ちなみに、掲示板はGoogleグループというアプリで社員のアドレスをグルーピングし、作成したグループのURLを埋め込んでやれば良いだけです。詳しくは、以下のサイトをご参照ください。

http://blog.free-style-solution.com/oyakudachi/google-sites-bbs

 

あと、画面左側のサイドバーや、画面上のナビゲーションタブをいじりたい場合は、画面右上の歯車ボタンを押し、「サイトのレイアウトを編集」を選択してください。ここから先も、いろいろ試してみれば分かるので、細かく解説はしません。(そのためにテンプレートを作りました)
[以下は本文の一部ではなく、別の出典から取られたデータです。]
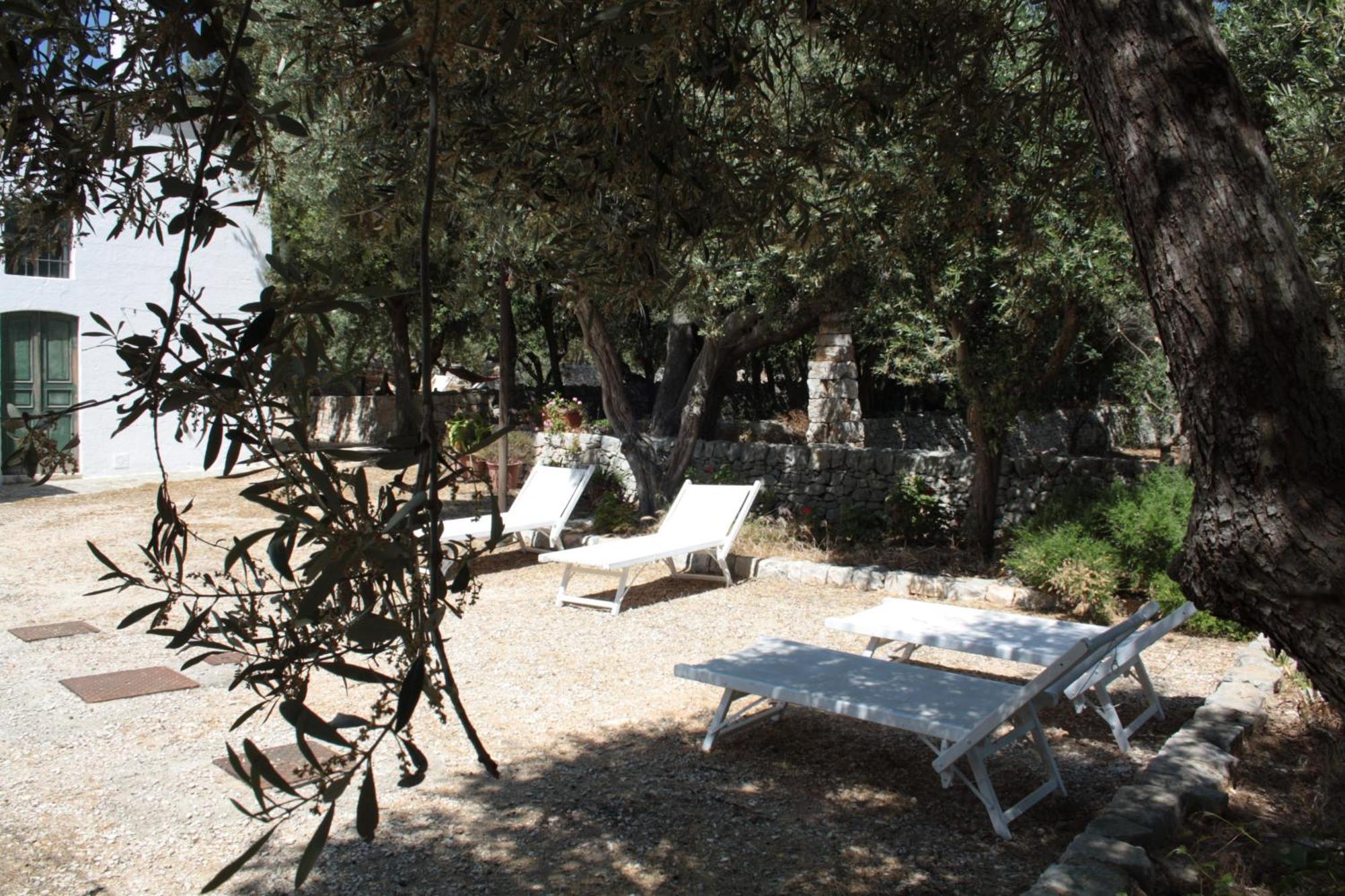 Masseria Trotta B&B Fasano Eksteriør bilde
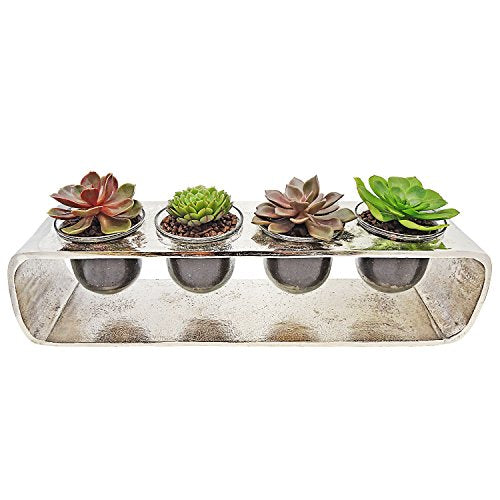 Luludi Living Art Succulent Silver 4 Cup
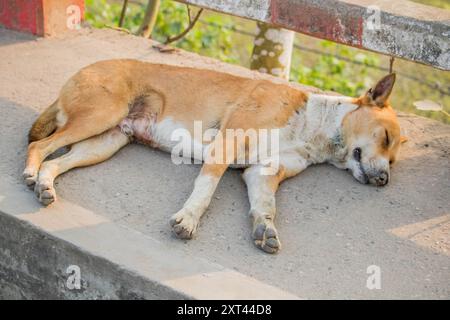 Stray dogs sleep bangladesh,One cute dogs sleeping next to each other ...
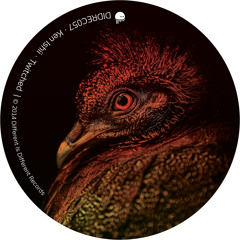 Ken Ishii - Twitched (Submerge Remix / Owslah & Goetz Remix) (Preview) [Different Is Different]
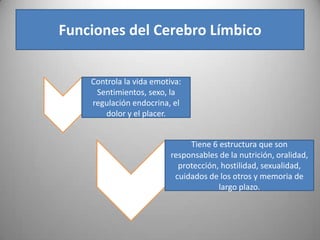 Funciones del Cerebro Límbico


    Controla la vida emotiva:
     Sentimientos, sexo, la
    regulación endocrina, el
       dolor y el placer.


                               Tiene 6 estructura que son
                          responsables de la nutrición, oralidad,
                            protección, hostilidad, sexualidad,
                           cuidados de los otros y memoria de
                                       largo plazo.
 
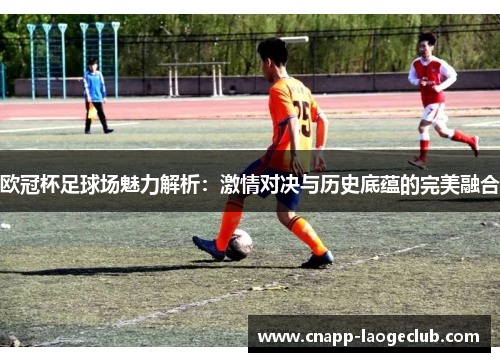 欧冠杯足球场魅力解析：激情对决与历史底蕴的完美融合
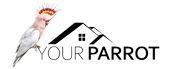 YOUR PARROT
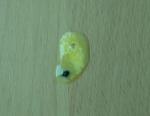 post-59990-1458912050_thumb.jpg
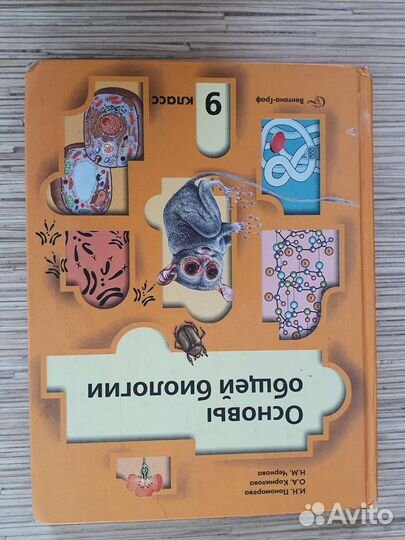 Учебник информатики 5 кл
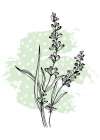 Lavender flowers Art Print
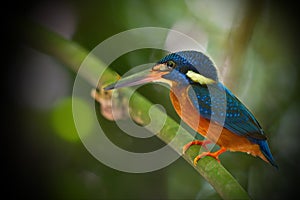 Kingfisher of Thailand collection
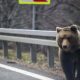 Ursul care a atacat un turist elvețian pe Transfăgărășan a fost împușcat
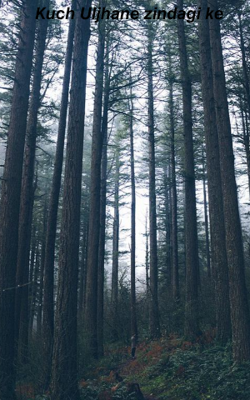 कुछ उलझनें जिंदगी की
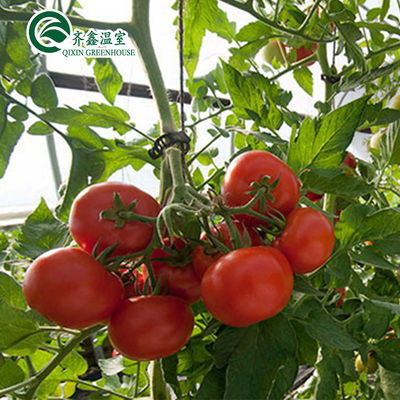 Estufas de tomate amigáveis à ventilação com balde holandês e revestimento de filme plástico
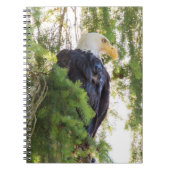 Bald Eagle baarst in Douglas Fir Notitieboek (Voorkant)
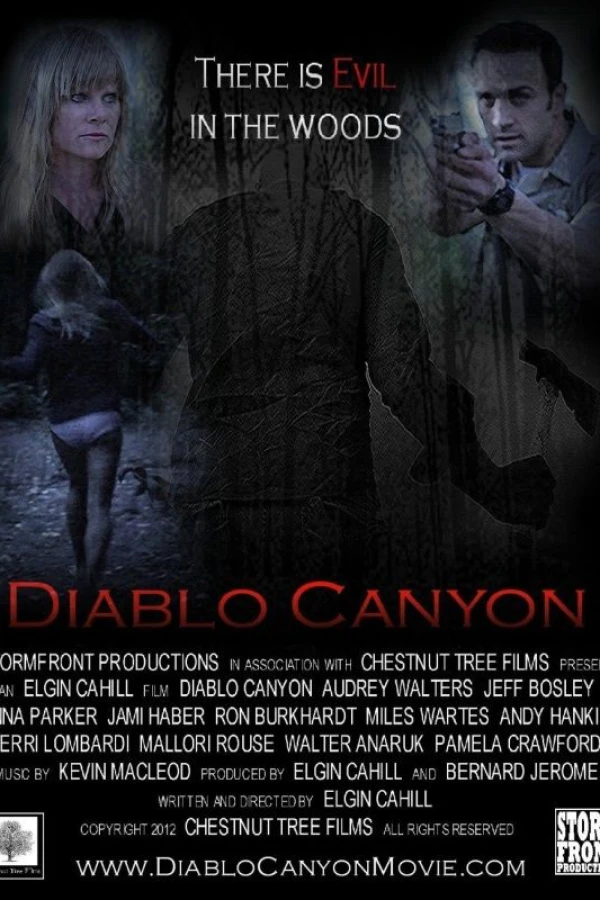 Diablo Canyon Poster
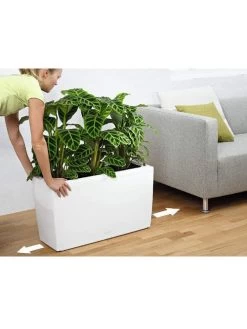 Lechuza® Cararo Rectangular Indoor Planter With Casters -Garden Care Shop 8590295 03v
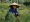 souris-des-paysants-vietnamiens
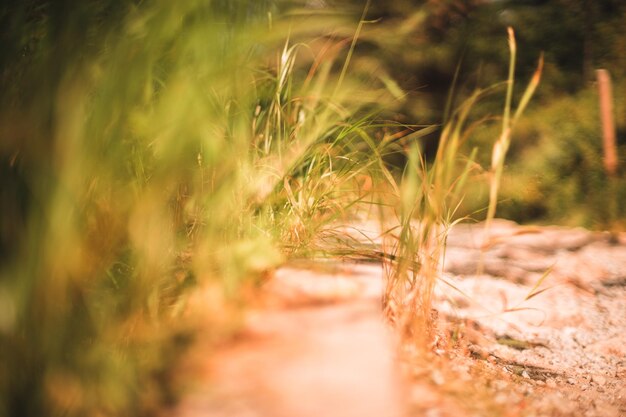 Surface level of grass on field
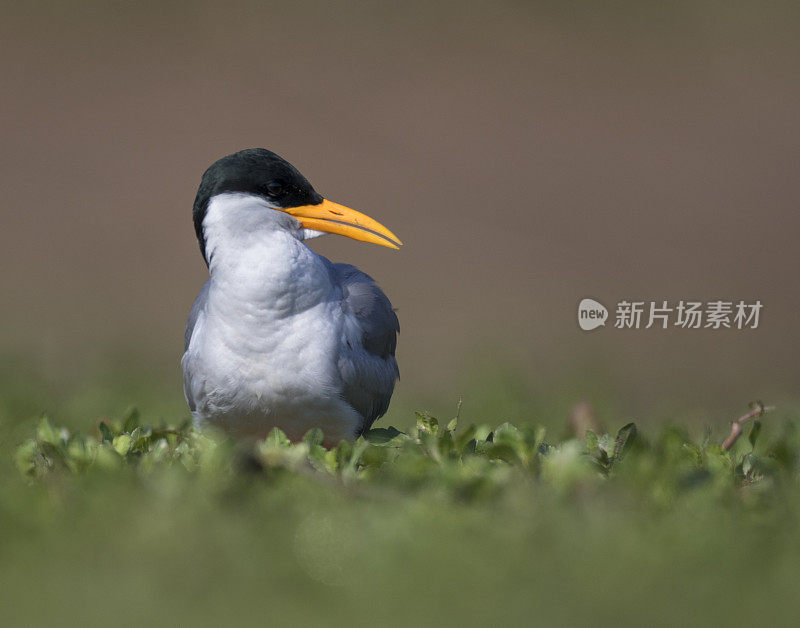 这条河燕鸥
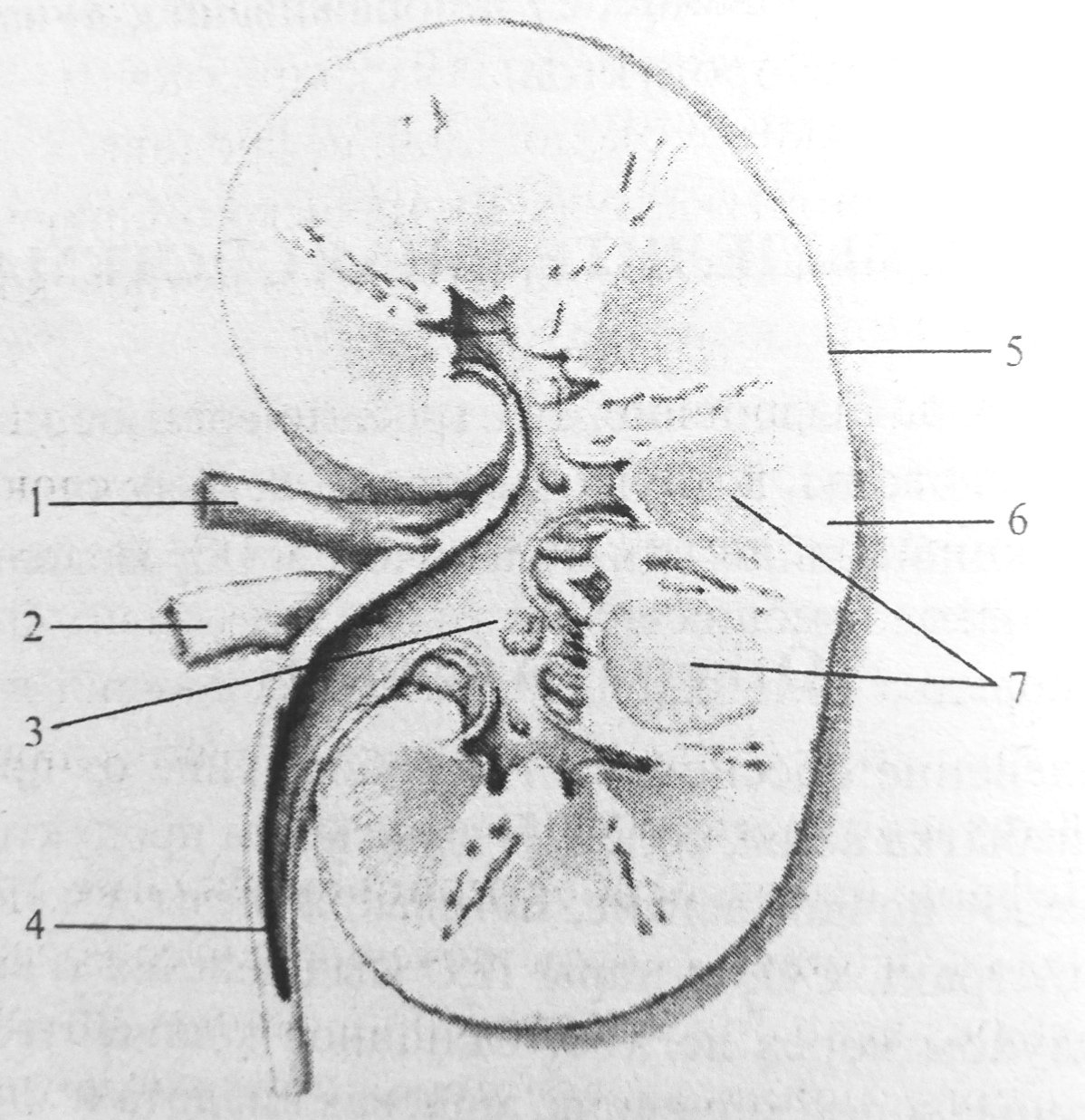 Почка округлой формы. Почечная лоханка почечная Вена почечная артерия. Почечная лоханка строение анатомия. Строение почки человека анатомия рисунок. Почка в разрезе анатомия.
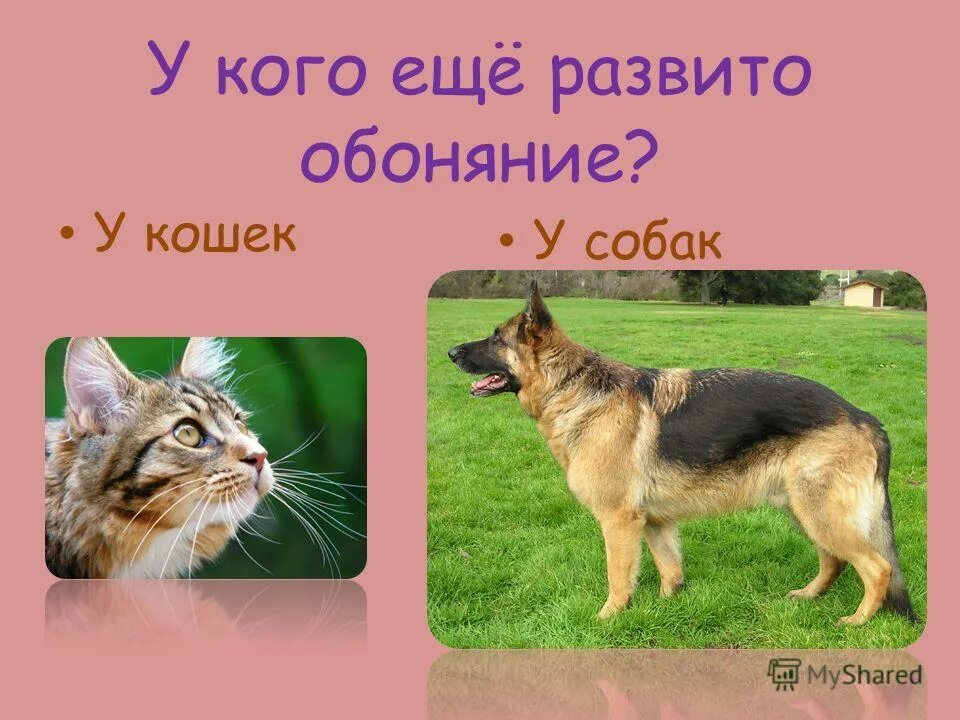 собачий нос. нюх кошки лучше собаки. нюх кошки лучше собаки. нюх кошки лучше собаки. морда собаки.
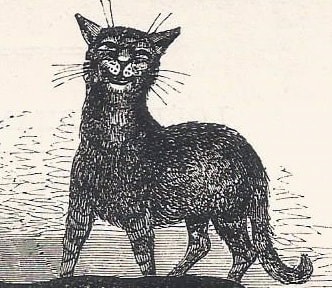 Woodcut of cat yowling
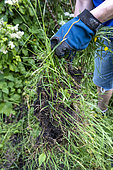 Weeding the garden, spring, Pas de Calais, France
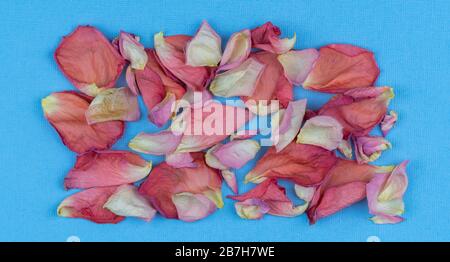 petali di rosa su sfondo blu, vista dall'alto. spazio libero per il tuo design. sfondo delle vacanze sul tema dell'amore. Foto Stock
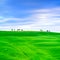 Tuscany, cypress trees and green fields. San Quirico Orcia, Italy.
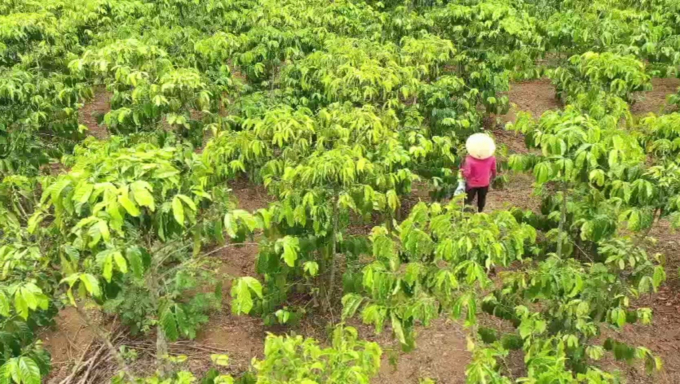 Vườn cà phê có hiện tượng vàng lá, rụng trái sau vài tuần bón phân NPK mua tại đại lý M.N CTV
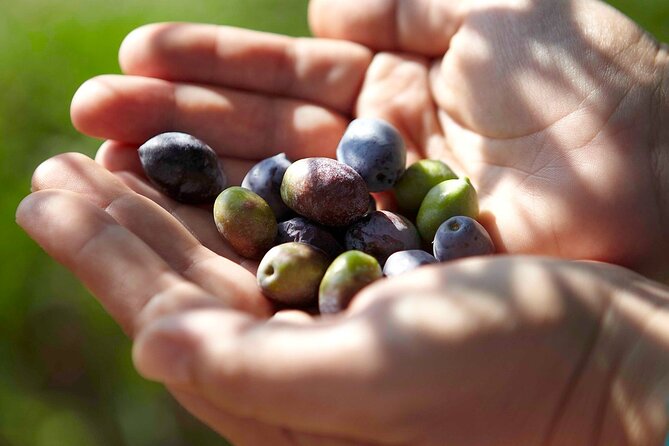 Bio Farm Private Olive Oil Tasting, Farm to Fork Meal & Temple of Poseidon Tour - Booking and Cancellation Policies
だいたいこれだけの機能があれば、無料とは思えないポータルサイトを構築することができます。あとは、毎朝とりあえず開くサイトということで、職員のみなさんに利用してもらえるように促すだけです。何百万何千万という投資をしなくても、ITシロウトでも、これくらいのことができるようになったんだから、本当に世の中便利になったと思います。

まだ、僕もこのサイトを運用する段階にまでは至っていませんが、来年はなんとか定着させたいと思っています。これを読んだ全国のDMO、非営利法人の関係者にもうまく活用していただけたら嬉しいです。